Mr. Krueger reported that Schedule V made the assumption that they would have about $24 million in additional fund balance above what was needed for the economic stabilization and development reserve to be used against operating expenses, and included scenarios spreading that amount over a one, two, and three-year period.  He noted that because of the Tier 2 cuts that would be made, the first scenario showed that they would only need $12.8 million of the reserve for 2010-11 to balance the budget, and they would carry over $11.3 million to use in 2011-12, resulting in the need for only $1.5 million more in cuts that year.  However, under this scenario, it would be necessary to make additional reductions in the amount of $11.2 million in 2012-13.

Commr. Conner expressed concern about waiting two years to make reductions.

Mr. Minkoff pointed out to the Board that the Covanta debt would end in 2014, which would result in a $3 million to $4 million decrease in what the County is paying to the Solid Waste fund from the general fund.

Mr. Krueger continued to go over Schedule V, stating that the second section was based on the assumption that the $24 million would be spent over a two-year period, and it would require a little bit more reduction in 2010-11 of about $753,000.  He stated that they would not have to make any further reductions in 2011-12, but they would need to make about $12 million in reductions in 2012-13 if the economy did not improve by then.  He explained that the last scenario shown was spreading the $24 million equally over the three-year period of $8 million each year, necessitating another $4.7 million in reductions in the year 2010-11 with no reductions in the years 2011-12 and 2012-13.

Commr. Conner asked if these scenarios take into consideration any reductions made in the Sheriff’s budget.

Mr. Krueger answered that they were assuming current level of expenditures for the constitutional officers.

Mr. Minkoff noted that he did want the Chairman to talk to the Sheriff and the Clerk to see if their budgets could be reduced, but for illustrative purposes they have shown all the reductions on the County side.

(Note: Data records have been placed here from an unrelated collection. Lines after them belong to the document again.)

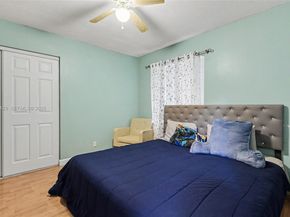 2439 NW 95th Ave, Coral Springs FL 33065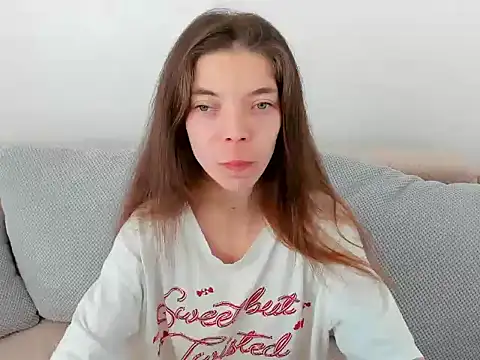 LikaAeiston1 online show from 03-12-26, 05:45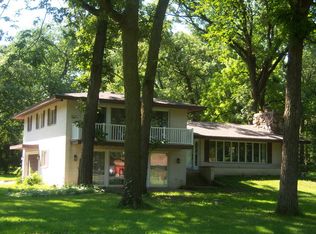 4914 Northridge Dr, Saint Anne, IL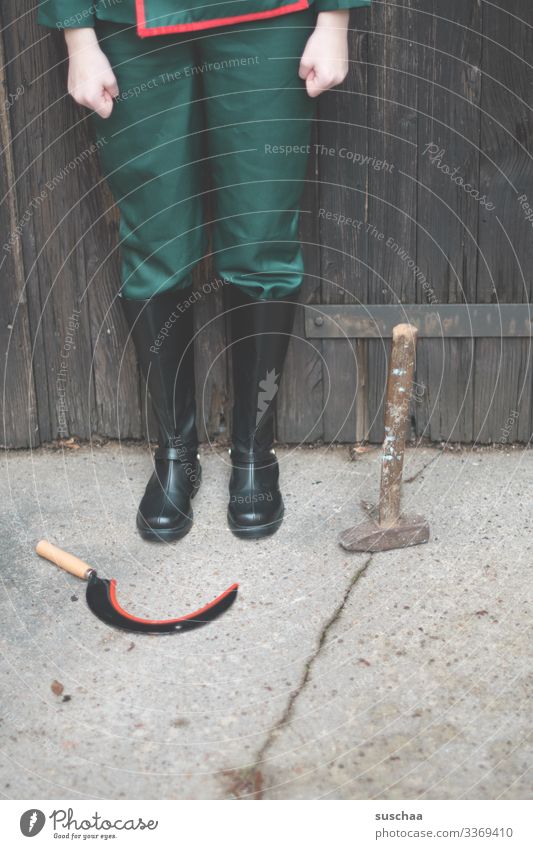 person steht mit stiefeln und geballten fäusten vor einem tor mit hammer und sichel Uniform Stiefel Soldat Militär Russland Jugendliche Krieg Waffe Werkzeug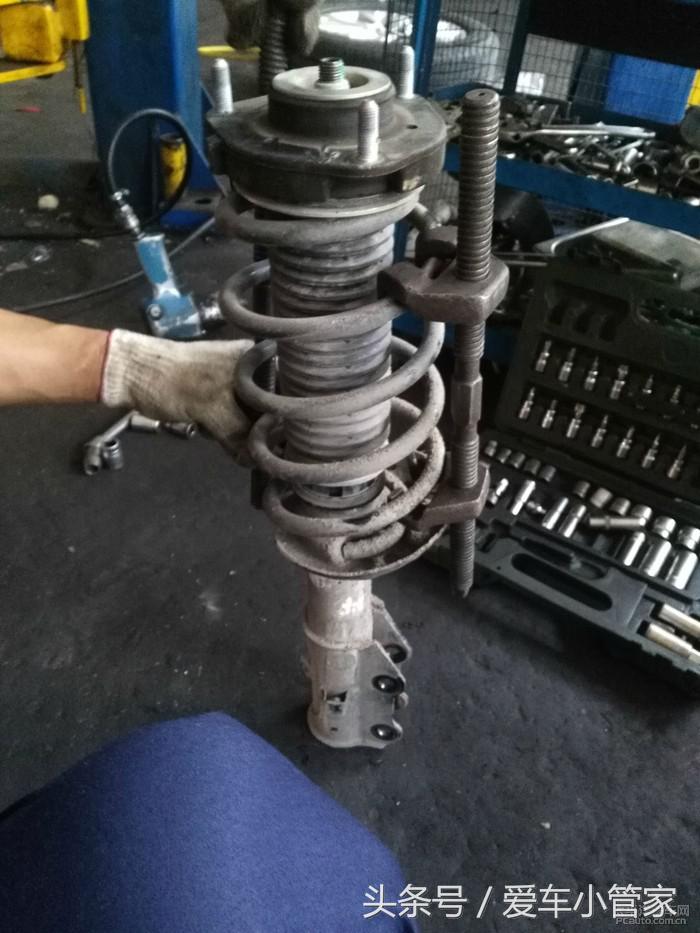 荣威前减震器怎样调节软硬,老师傅手工改进汽车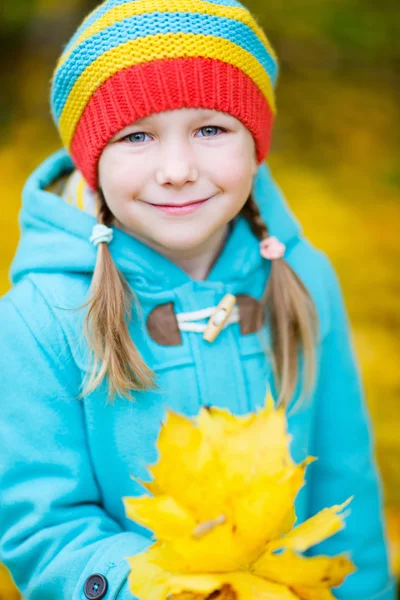 Bambina all'aperto il giorno d'autunno — Foto Stock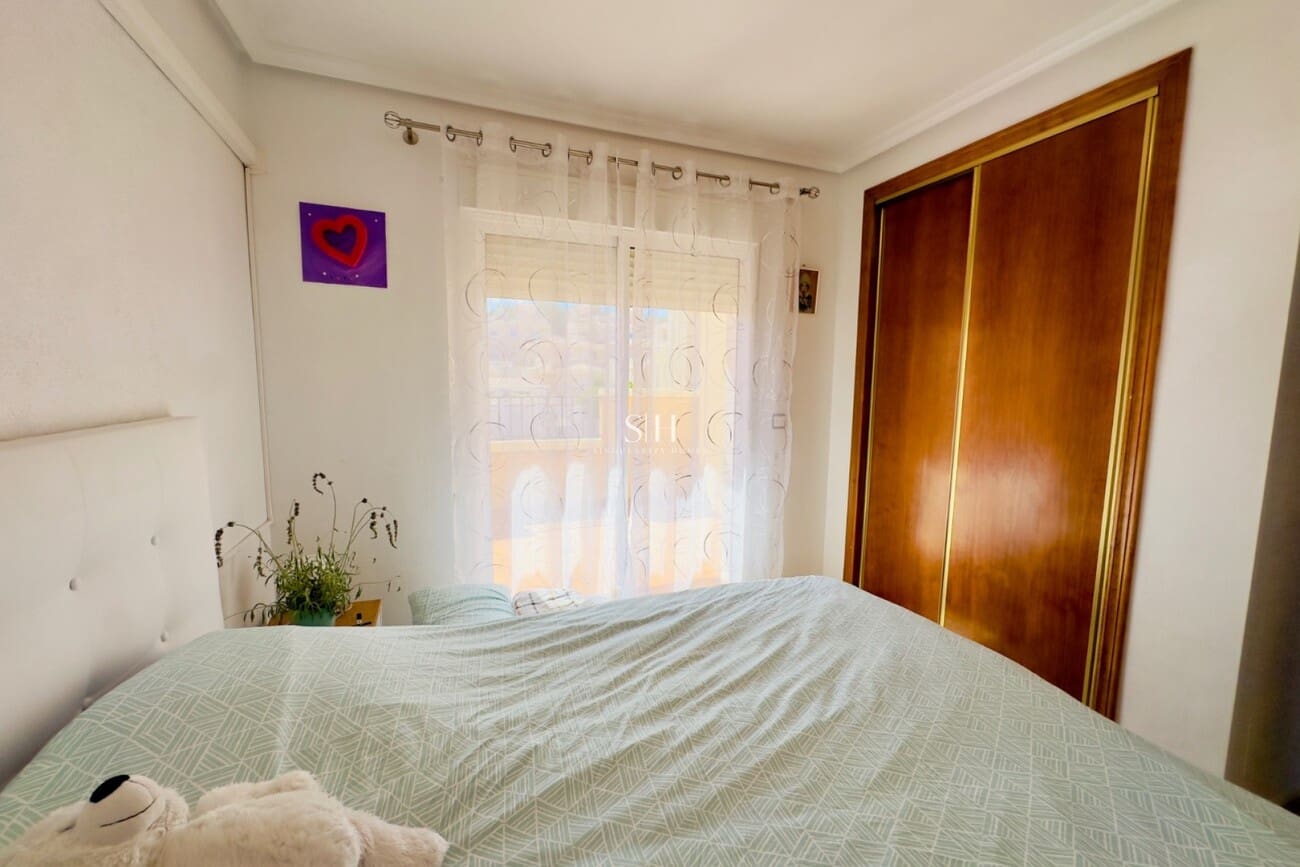 3 soveværelse Byhus til salg i San Miguel de Salinas med swimmingpool - € 210.000 (Ref: 9376644)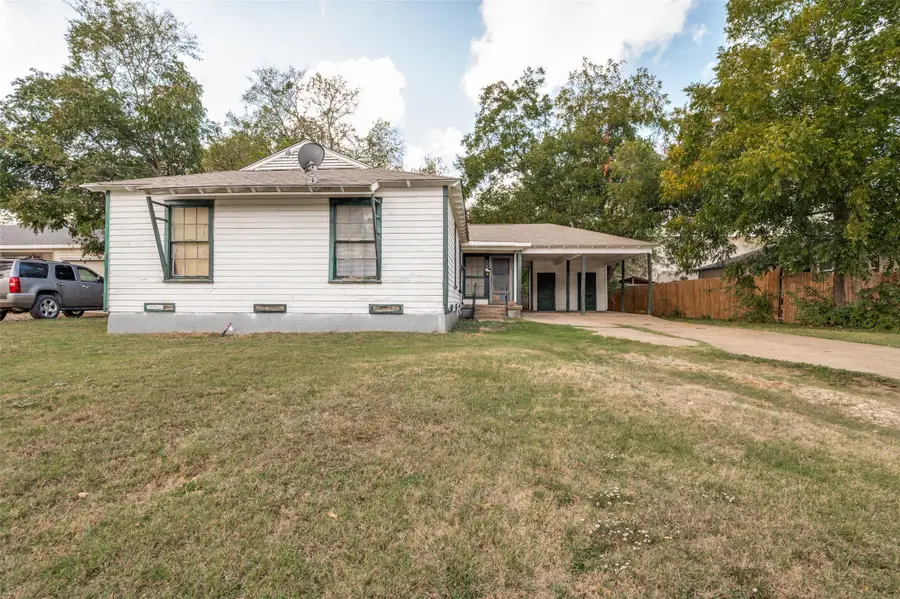 215 22nd Street, Grand Prairie, TX 75050 - #2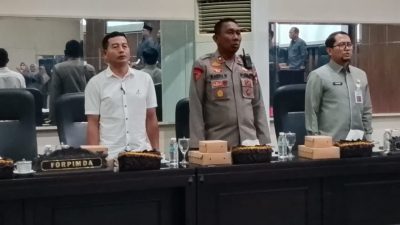 Hadir Mewakili Dandim, Pasiintel Kodim 0822 Perkuat Kehadiran TNI dalam Rapat Paripurna DPRD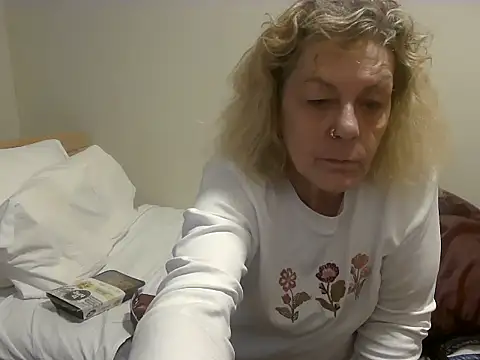 Snapshot of housewife_shantie chatting on 10-24-25, 10:11 housewife shantie online show from 10-24-25, 10:11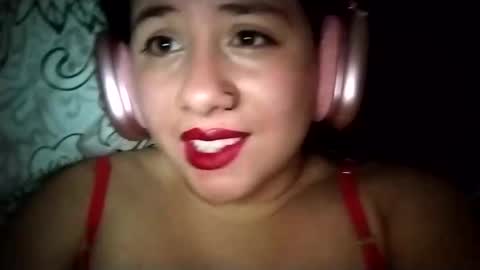 Snapshot of sweetie__annie chatting on March 8, 3:50 am Ana Mara  i cant Make noise My family is here  online show from March 8, 3:50 am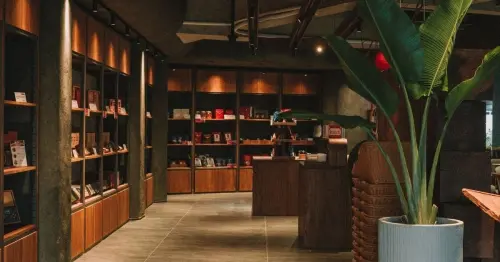 台中下午茶必衝！六月初一永春觀光旗艦店，清水模建築 茶室空間超好拍。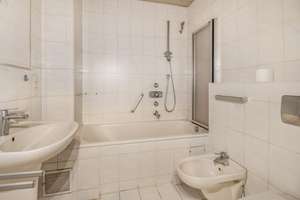 Property thumbnail 16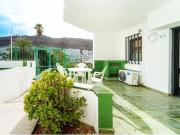 Apartamento con fácil acceso, terraza y piscina...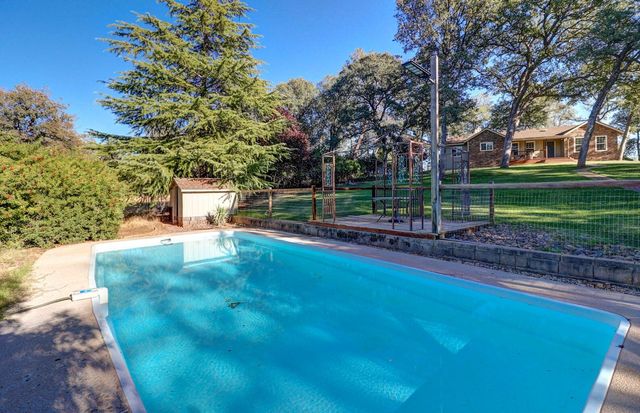 19650 Russell Lane, Cottonwood, CA 96022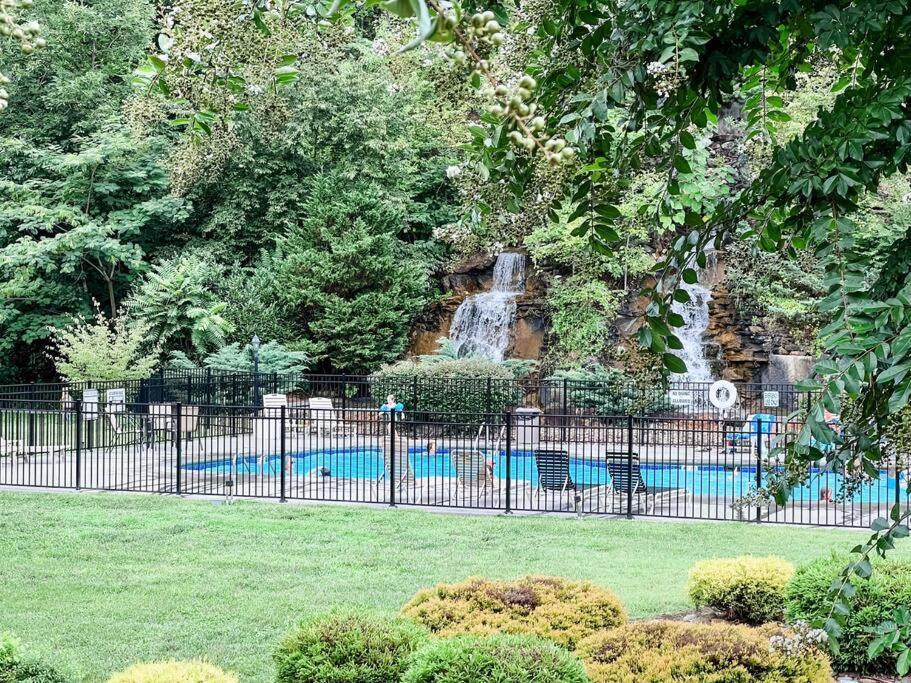 Indoor Heated Pool Hot Tub Cabin Sevierville Ngoại thất bức ảnh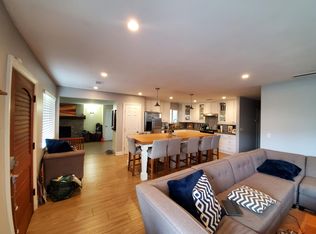 711 Loring St, San Diego, CA 92109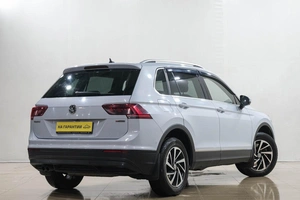 Внедорожник Volkswagen Tiguan 2018 года, 2689000 рублей, Новокузнецк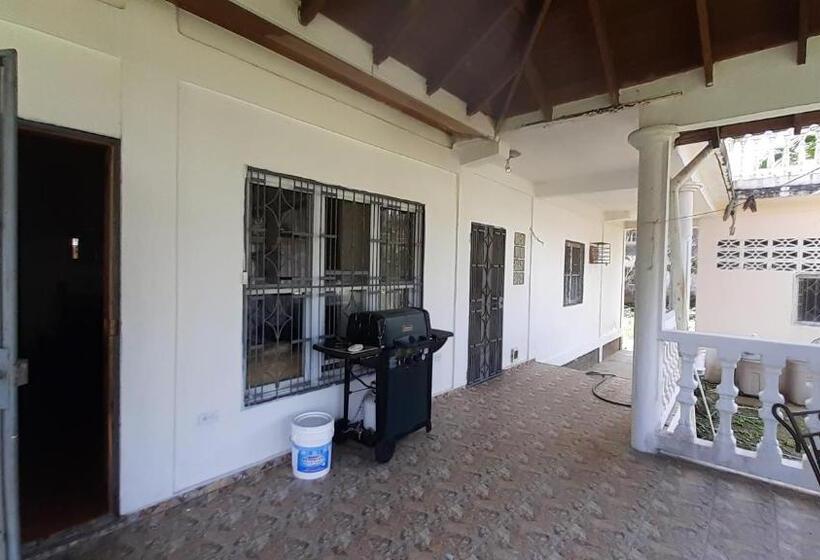 پانسیون La Casa Blanca De Mis Sueños, Tela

            Commr. Cadwell noted that they would be getting into a discussion of philosophy, and he commented that he has been favoring spreading the reserve out over three years, understanding that he would be discussing budget reductions with the Sheriff and the Clerk.

recess and reassembly

The Chairman announced that there would be a ten minute recess at 10:20 a.m.

budget discussion (cont’d)

Mr. Minkoff pointed out that all the numbers that they had given the Board today were estimates, and he assured the Board that the staff was watching expenditures as closely as they could.  He stated that they were hoping to increase fund balance through reduced expenditures, and the anticipated ten percent decline was only an estimate, since they did not have those numbers yet.  He related that two questions he had for the Board at this point were  (1) how much if any fund balance they should plan on using in the 2011 budget year, and (2) how they should spread that fund balance out if they did use it.  He also wanted to let the Board know if they have to make those Tier 2 cuts, they probably would be making those in the next few weeks.

Commr. Cadwell commented that he thought they would need to use some of the reserves, and he was not opposed to using them over at least a two-year period.

Commr. Stewart stated that Schedule III over two years made the most sense to her, since she believed those reductions would affect the taxpayer the least.

Mr. Minkoff commented that if the Board were to choose the second column of Schedule III, then they would probably hold off on making Tier 2 reductions until after the constitutional officers discussions occurred, and they would look at everything to see if they could find that $2.2 million without actually laying employees off.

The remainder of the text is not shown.